Material shown:
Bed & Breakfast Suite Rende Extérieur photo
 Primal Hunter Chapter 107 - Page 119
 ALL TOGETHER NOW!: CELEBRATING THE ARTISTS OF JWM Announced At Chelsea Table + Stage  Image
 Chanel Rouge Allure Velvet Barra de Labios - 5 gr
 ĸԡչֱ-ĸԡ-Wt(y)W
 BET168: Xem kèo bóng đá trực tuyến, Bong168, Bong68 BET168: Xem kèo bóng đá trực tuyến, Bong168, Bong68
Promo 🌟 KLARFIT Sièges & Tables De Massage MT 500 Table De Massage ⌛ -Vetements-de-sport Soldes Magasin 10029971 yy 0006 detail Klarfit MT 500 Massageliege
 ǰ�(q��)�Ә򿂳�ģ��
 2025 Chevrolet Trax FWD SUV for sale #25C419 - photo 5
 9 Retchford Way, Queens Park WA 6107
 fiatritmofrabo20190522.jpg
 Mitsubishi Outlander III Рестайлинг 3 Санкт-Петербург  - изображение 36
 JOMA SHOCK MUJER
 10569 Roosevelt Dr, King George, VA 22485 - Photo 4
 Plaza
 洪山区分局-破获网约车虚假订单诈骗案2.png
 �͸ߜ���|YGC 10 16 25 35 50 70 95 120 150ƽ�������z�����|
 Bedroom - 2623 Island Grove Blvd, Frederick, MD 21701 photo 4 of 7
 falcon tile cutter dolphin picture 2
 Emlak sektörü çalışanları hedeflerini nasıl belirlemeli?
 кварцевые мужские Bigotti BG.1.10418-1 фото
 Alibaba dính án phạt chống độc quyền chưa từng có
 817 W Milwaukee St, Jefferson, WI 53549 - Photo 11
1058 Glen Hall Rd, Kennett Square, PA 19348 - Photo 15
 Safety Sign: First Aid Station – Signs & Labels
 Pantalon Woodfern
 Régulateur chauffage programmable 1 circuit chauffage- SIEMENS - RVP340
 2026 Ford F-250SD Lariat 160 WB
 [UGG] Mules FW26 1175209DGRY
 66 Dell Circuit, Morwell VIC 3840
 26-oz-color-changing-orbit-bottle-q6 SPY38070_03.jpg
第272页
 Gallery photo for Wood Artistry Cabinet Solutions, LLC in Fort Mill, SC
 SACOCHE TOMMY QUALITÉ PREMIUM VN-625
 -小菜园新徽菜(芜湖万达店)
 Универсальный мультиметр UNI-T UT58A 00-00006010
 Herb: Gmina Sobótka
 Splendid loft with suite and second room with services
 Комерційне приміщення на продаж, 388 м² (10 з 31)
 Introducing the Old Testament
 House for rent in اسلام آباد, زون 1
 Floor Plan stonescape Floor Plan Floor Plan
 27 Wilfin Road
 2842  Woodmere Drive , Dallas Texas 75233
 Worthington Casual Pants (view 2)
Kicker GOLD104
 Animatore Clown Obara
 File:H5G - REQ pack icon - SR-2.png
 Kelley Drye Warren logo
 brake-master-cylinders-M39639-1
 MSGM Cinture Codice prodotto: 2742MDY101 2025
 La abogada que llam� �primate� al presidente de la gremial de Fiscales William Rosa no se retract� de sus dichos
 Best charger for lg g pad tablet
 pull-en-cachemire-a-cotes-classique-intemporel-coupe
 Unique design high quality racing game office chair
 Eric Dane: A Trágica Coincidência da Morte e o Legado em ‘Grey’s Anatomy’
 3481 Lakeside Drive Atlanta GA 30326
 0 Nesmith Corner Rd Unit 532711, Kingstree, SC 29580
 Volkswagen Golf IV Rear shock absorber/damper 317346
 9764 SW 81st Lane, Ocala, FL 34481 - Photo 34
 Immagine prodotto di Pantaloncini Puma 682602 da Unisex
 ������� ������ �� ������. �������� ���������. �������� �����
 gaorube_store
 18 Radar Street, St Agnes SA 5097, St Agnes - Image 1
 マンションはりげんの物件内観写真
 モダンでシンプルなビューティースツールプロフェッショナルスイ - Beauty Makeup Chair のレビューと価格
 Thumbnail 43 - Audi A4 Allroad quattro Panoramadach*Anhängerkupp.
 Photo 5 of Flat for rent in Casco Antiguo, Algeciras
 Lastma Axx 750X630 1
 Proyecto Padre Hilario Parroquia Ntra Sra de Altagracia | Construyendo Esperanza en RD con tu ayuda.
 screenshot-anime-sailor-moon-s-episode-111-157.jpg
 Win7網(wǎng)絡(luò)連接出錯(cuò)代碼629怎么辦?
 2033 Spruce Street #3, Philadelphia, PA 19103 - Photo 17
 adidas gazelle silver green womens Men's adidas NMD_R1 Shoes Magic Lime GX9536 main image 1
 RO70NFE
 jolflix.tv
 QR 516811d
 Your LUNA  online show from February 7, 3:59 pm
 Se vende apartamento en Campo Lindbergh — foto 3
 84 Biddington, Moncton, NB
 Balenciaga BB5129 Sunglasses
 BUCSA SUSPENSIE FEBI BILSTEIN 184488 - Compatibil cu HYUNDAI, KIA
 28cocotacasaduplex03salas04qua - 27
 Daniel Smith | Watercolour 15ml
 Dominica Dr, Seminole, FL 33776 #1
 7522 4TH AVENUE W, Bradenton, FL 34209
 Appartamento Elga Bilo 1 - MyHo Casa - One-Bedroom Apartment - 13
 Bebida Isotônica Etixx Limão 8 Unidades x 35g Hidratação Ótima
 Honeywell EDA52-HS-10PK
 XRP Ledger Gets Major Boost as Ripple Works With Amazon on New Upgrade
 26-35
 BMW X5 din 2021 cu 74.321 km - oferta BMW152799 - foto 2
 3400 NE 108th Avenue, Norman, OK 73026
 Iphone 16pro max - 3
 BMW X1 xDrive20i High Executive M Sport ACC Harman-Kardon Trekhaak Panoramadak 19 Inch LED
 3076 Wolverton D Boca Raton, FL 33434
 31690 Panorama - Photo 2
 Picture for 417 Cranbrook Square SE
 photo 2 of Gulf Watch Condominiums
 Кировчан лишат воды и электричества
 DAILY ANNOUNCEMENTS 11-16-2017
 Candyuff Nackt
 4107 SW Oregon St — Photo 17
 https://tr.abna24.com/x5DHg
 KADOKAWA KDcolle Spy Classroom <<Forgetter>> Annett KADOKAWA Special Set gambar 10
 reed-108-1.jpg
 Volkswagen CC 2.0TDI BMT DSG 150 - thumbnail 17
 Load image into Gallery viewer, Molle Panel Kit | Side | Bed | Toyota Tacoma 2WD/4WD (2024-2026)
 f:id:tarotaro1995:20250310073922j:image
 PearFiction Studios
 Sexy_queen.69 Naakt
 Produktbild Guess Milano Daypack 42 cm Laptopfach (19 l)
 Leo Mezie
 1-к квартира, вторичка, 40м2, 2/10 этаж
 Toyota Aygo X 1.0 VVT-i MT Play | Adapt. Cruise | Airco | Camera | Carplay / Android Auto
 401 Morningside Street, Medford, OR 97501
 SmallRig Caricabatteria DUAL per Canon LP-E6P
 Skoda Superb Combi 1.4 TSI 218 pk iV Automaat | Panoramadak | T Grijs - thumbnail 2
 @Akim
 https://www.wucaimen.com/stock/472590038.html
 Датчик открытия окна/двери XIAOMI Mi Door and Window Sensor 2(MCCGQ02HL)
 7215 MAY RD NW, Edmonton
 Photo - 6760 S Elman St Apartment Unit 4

Exercise requirements:
The required output is the entries from their opening line through the line holding "Bedroom - 2623", repeated exactly, with both end lines kept.

Exercise solution:
Bed & Breakfast Suite Rende Extérieur photo
 Primal Hunter Chapter 107 - Page 119
 ALL TOGETHER NOW!: CELEBRATING THE ARTISTS OF JWM Announced At Chelsea Table + Stage  Image
 Chanel Rouge Allure Velvet Barra de Labios - 5 gr
 ĸԡչֱ-ĸԡ-Wt(y)W
 BET168: Xem kèo bóng đá trực tuyến, Bong168, Bong68 BET168: Xem kèo bóng đá trực tuyến, Bong168, Bong68
Promo 🌟 KLARFIT Sièges & Tables De Massage MT 500 Table De Massage ⌛ -Vetements-de-sport Soldes Magasin 10029971 yy 0006 detail Klarfit MT 500 Massageliege
 ǰ�(q��)�Ә򿂳�ģ��
 2025 Chevrolet Trax FWD SUV for sale #25C419 - photo 5
 9 Retchford Way, Queens Park WA 6107
 fiatritmofrabo20190522.jpg
 Mitsubishi Outlander III Рестайлинг 3 Санкт-Петербург  - изображение 36
 JOMA SHOCK MUJER
 10569 Roosevelt Dr, King George, VA 22485 - Photo 4
 Plaza
 洪山区分局-破获网约车虚假订单诈骗案2.png
 �͸ߜ���|YGC 10 16 25 35 50 70 95 120 150ƽ�������z�����|
 Bedroom - 2623 Island Grove Blvd, Frederick, MD 21701 photo 4 of 7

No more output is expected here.